Once the model is trained, you can print out the training statistics (which are automatically computed) using the print command. Like the save command, the first argument is a variable name, which is followed by the desired print command. To print training statistics of the variable "model", this is:
print model training stats
Likewise, one can perform 10-fold cross-validation and print the validation statistics by the two commands:
model crossvalidate $data 10
print model validation stats
This model and all of the associated statistics can be saved into a system-independent format by calling the save command without any format argument. It will also be prudent to an empty copy of the training data object, which can be used to compute attributes for a new dataset. The commands for this would be:
save model delta_e-model
template = data clone -empty
save template delta_e-data
After running this script, Magpie will save two files, delta_e-model.obj and delta_e-data.obj, that contain all of the information necessary to use your model and can be run on any system with Magpie installed.

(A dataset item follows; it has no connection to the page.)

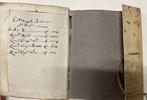 Italie - Document - Repubblica di Venezia, Padova Famiglia, Nieuw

If you have completed the other steps of this tutorial, you now have two Magpie object files (named delta_e-model.obj and delta_e-data.obj) that can be used to compute the formation energy of crystalline compounds. If you would prefer to skip those steps, simply add the save commands described at the end of the "Building a Model" section to the end of the examples/simple-model.in script, and run it. This portion of the tutorial shows how to use those components on a new dataset.
The first step is to create a dataset in which to store the search space. To do so, first launch Magpie and load in the object stored in delta_e‑data.obj using the load command:
search = load delta_e-data.obj
This command a empty dataset named "search." While this dataset does not contain any entries, it does contain all of the settings necessary to compute the same attributes used to train the model.
The next step is to generate a search space using the IonicCompoundGenerator command. As described in the "Usage" statement in the Javadoc, this entry generator takes 4 arguments: the minimum and maximum number of constituents, the maximum number of atoms per formula unit, and a list of elements to use. The appropriate command to generate all ternary ionic compounds with less than 10 atoms per unit cell composed of Li, Fe, Ni, Zr, O, or S is:
search generate IonicCompoundGenerator 3 3 10 Li Fe Ni Zr O S
This should have generated a search space of 154 compounds. Since the search variable contains all of the settings for computing the attributes used when creating the formation energy model, you can call the "attributes generate" command without first specifying those options. Now, load and run the model by calling:
model = load delta_e-model.obj
model run $search
At this point, you can save the results of the model by saving the search variable in "stats" format or use the "rank" command of the search variable to print out the entries with the lowest formation energy.